Task statement: Given the entries that follow, write out exactly the lines starting at the one containing "Volkswagen Golf Hatchback, Petrol, 2017, Gold" and ending at the one containing "پاسخ بازیگر سوری", both ends included, and only those.

Short web captions:
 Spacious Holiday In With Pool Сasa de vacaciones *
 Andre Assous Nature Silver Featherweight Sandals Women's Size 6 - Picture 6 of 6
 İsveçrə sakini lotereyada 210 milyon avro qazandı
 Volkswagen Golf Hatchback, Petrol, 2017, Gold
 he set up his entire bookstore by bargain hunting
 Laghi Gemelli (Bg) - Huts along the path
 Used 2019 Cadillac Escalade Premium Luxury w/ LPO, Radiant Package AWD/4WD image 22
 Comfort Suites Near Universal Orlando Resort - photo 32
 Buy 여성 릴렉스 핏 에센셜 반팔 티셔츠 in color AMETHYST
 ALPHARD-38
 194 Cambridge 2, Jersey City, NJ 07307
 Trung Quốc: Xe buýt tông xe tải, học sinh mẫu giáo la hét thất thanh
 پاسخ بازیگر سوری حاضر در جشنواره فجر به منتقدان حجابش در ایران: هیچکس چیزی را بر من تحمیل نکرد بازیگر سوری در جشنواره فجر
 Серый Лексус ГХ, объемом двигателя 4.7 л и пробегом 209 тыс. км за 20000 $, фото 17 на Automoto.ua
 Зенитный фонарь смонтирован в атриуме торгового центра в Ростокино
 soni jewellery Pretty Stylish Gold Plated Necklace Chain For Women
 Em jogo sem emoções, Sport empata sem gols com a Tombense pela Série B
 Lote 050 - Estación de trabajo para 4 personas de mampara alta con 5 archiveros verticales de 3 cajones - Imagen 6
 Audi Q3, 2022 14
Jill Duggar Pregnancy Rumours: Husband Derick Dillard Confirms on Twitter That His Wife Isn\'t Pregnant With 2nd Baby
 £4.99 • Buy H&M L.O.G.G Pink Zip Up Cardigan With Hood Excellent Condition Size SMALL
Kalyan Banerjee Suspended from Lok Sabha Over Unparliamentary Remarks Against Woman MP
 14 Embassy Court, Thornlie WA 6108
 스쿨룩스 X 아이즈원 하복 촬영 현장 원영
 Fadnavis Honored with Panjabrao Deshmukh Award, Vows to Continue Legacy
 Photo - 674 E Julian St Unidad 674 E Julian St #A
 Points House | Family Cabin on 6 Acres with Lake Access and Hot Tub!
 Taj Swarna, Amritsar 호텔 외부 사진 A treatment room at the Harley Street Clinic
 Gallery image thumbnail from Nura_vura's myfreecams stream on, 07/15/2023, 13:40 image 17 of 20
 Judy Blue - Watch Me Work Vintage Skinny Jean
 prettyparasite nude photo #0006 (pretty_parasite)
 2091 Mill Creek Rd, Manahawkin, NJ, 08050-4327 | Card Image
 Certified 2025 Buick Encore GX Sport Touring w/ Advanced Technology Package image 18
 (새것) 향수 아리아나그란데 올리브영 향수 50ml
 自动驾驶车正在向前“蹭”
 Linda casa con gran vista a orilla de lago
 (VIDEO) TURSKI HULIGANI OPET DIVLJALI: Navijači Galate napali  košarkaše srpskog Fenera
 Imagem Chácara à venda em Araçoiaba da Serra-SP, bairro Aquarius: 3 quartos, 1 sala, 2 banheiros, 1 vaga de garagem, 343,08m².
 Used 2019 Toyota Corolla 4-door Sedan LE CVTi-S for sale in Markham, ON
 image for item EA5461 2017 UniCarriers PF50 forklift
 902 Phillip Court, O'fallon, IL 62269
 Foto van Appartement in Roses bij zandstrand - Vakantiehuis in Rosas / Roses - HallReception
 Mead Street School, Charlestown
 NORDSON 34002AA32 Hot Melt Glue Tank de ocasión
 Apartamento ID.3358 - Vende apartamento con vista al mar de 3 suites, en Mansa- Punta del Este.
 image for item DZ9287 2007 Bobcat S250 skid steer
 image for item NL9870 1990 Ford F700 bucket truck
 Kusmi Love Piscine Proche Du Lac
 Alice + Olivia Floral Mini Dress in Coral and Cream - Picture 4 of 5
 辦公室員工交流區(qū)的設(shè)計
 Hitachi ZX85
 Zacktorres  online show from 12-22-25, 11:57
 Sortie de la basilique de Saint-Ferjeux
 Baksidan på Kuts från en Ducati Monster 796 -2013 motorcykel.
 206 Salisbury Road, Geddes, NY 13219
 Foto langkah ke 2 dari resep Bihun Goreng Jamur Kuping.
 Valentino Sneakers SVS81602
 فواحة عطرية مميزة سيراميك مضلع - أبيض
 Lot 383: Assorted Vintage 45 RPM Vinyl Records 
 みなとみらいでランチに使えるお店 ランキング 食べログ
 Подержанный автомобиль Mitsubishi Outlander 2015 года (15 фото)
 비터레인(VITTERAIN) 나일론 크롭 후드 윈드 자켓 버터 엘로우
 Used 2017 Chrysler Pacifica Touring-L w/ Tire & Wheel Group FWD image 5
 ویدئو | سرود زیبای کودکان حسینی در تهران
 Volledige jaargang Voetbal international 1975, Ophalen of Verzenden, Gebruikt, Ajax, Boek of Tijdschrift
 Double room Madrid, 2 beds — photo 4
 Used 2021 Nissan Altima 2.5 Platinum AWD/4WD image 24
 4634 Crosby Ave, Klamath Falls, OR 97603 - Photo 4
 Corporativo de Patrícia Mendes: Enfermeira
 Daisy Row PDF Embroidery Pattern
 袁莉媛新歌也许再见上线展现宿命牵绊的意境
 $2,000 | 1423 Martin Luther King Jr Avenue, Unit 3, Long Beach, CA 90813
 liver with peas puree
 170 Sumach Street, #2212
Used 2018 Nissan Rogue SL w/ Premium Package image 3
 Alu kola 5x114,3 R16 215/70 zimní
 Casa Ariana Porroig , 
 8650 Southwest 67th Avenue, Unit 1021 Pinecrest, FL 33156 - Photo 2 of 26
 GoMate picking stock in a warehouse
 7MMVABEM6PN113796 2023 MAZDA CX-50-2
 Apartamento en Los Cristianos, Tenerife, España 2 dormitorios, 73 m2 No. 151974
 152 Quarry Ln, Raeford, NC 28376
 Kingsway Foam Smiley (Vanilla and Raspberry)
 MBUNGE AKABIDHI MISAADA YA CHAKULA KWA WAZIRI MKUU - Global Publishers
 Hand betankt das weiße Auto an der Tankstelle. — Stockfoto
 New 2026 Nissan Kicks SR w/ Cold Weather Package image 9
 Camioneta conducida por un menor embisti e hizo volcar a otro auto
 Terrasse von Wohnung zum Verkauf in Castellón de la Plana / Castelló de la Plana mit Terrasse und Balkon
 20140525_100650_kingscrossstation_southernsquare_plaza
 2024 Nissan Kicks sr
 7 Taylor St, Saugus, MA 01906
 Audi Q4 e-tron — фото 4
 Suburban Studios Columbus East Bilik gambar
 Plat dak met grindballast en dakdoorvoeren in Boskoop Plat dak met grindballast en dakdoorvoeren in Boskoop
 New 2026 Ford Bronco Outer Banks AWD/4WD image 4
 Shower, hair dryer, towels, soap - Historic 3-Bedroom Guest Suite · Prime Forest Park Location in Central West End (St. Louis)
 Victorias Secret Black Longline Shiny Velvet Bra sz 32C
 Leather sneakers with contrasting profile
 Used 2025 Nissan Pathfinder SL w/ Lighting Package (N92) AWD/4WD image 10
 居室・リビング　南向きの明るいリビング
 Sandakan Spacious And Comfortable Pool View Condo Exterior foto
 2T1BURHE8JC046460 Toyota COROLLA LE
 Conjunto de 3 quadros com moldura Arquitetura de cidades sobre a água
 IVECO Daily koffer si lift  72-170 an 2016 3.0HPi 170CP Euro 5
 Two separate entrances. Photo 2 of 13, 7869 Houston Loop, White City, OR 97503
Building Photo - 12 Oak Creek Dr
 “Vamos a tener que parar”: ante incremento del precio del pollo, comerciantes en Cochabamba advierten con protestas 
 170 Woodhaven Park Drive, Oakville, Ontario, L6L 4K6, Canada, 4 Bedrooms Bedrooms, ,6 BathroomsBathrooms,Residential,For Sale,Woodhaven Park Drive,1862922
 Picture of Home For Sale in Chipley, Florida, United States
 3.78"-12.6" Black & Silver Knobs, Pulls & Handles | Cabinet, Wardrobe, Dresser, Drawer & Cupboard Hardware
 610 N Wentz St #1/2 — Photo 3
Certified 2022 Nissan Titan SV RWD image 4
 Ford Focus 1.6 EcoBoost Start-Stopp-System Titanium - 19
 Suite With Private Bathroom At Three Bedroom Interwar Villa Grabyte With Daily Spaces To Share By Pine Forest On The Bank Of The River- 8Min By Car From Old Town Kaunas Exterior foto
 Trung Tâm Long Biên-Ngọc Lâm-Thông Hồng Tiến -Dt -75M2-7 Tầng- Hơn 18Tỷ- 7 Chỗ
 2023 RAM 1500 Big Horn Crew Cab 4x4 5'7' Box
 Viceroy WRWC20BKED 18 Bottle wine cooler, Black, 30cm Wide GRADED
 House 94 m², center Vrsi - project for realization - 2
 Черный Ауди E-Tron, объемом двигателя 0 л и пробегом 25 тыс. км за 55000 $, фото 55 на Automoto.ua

Your response:
 Volkswagen Golf Hatchback, Petrol, 2017, Gold
 he set up his entire bookstore by bargain hunting
 Laghi Gemelli (Bg) - Huts along the path
 Used 2019 Cadillac Escalade Premium Luxury w/ LPO, Radiant Package AWD/4WD image 22
 Comfort Suites Near Universal Orlando Resort - photo 32
 Buy 여성 릴렉스 핏 에센셜 반팔 티셔츠 in color AMETHYST
 ALPHARD-38
 194 Cambridge 2, Jersey City, NJ 07307
 Trung Quốc: Xe buýt tông xe tải, học sinh mẫu giáo la hét thất thanh
 پاسخ بازیگر سوری حاضر در جشنواره فجر به منتقدان حجابش در ایران: هیچکس چیزی را بر من تحمیل نکرد بازیگر سوری در جشنواره فجر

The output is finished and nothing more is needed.